• Study material:

▼

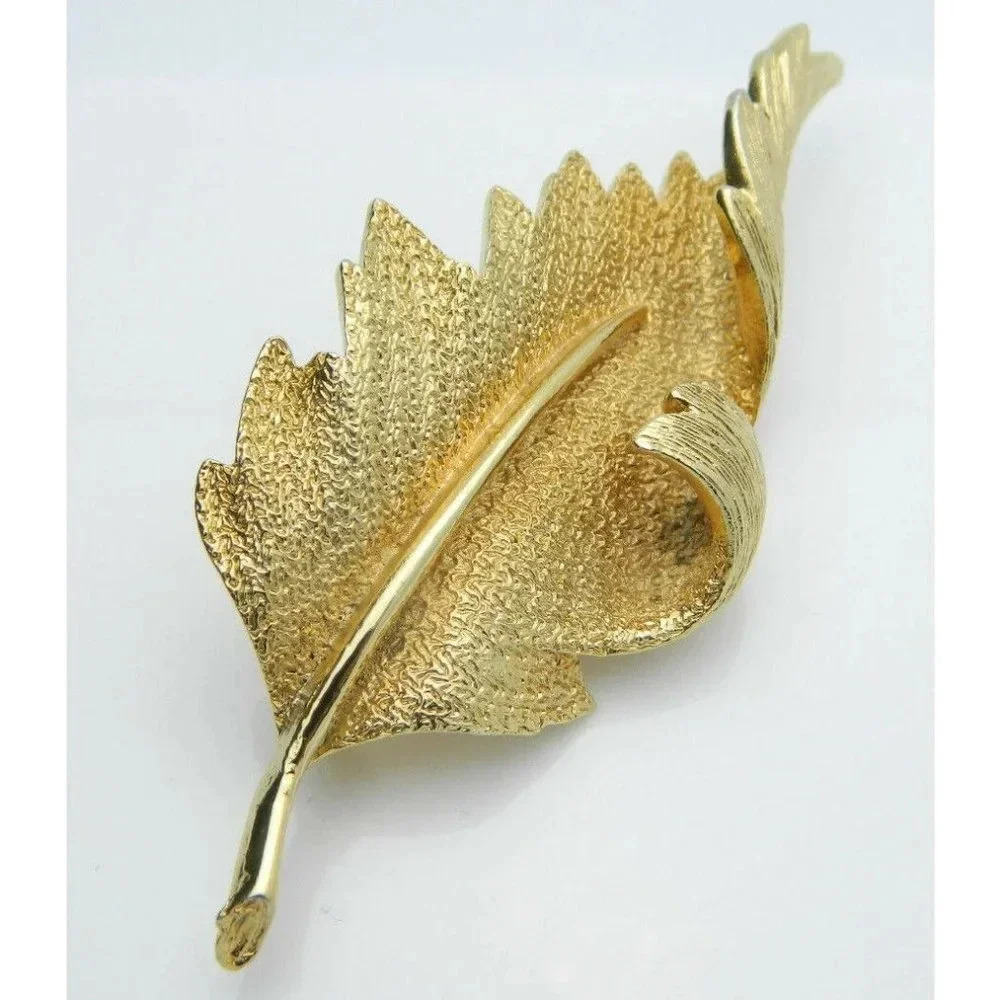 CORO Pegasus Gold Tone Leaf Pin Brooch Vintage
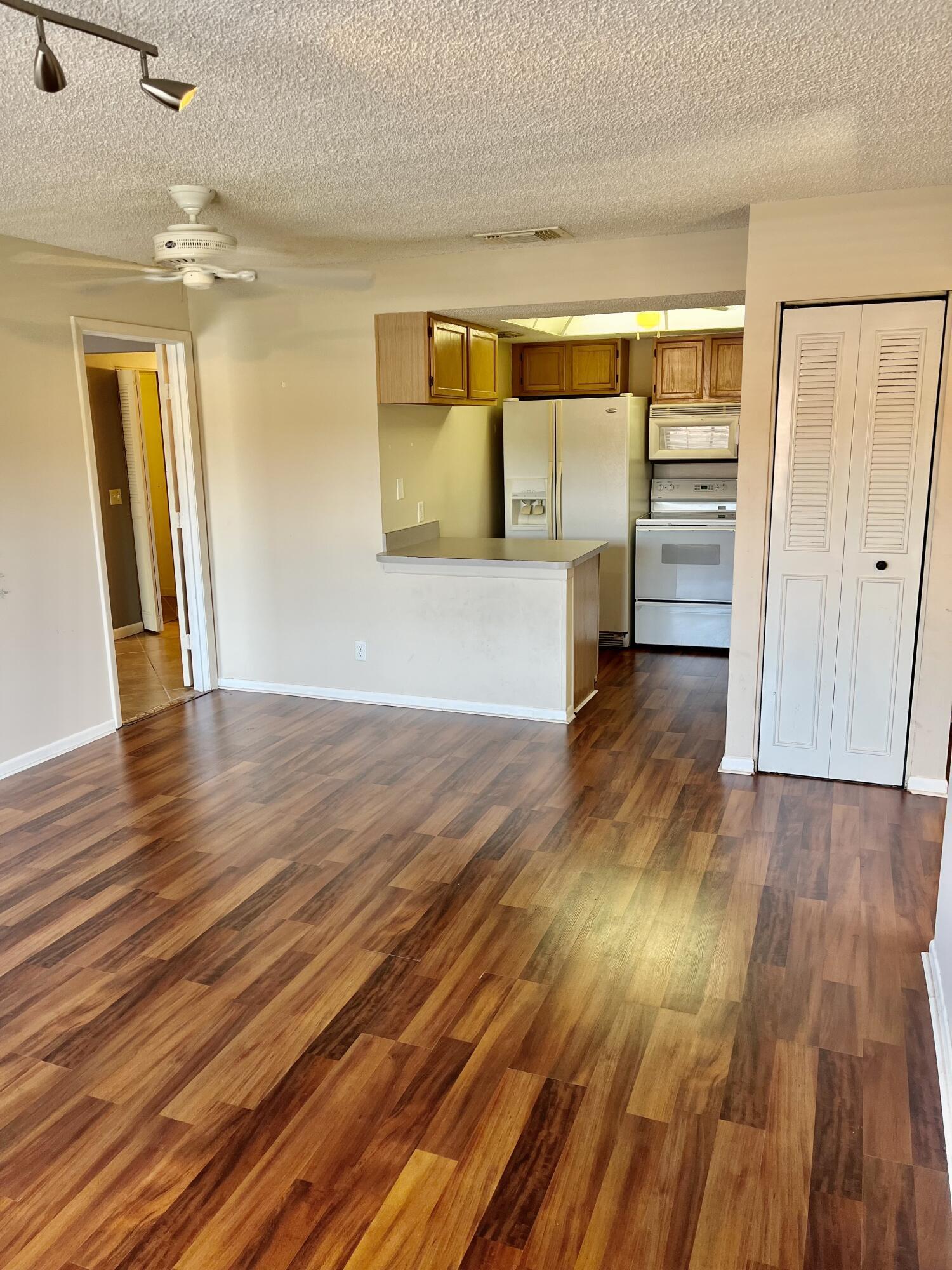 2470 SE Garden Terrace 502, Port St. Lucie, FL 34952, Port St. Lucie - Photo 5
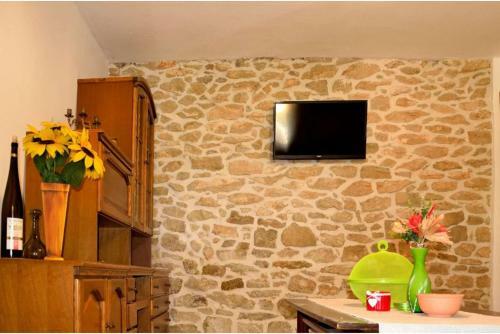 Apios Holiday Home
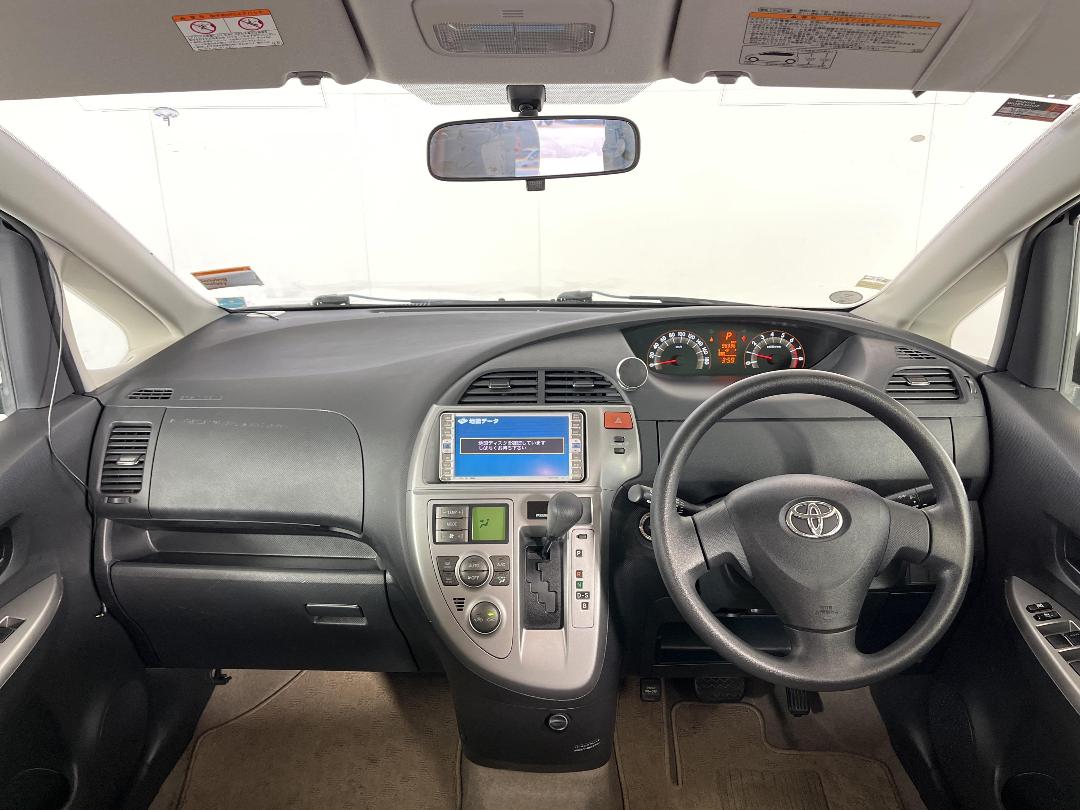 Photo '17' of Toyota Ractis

▲
▼

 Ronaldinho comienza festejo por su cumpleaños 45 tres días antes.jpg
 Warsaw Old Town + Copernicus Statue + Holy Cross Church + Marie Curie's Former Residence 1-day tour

▲
▼

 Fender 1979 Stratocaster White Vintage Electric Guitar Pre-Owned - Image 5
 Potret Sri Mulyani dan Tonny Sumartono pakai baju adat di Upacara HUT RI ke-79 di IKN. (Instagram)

▲

• Exercise aim: From the records above, quote word for word only the lines beginning at the line that has "CORO Pegasus Gold" and stopping after the line that has "Photo '17' of Toyota Ractis". Omit the pictures.

• Result of this task:
 CORO Pegasus Gold Tone Leaf Pin Brooch Vintage
 2470 SE Garden Terrace 502, Port St. Lucie, FL 34952, Port St. Lucie - Photo 5
 Apios Holiday Home
 Photo '17' of Toyota Ractis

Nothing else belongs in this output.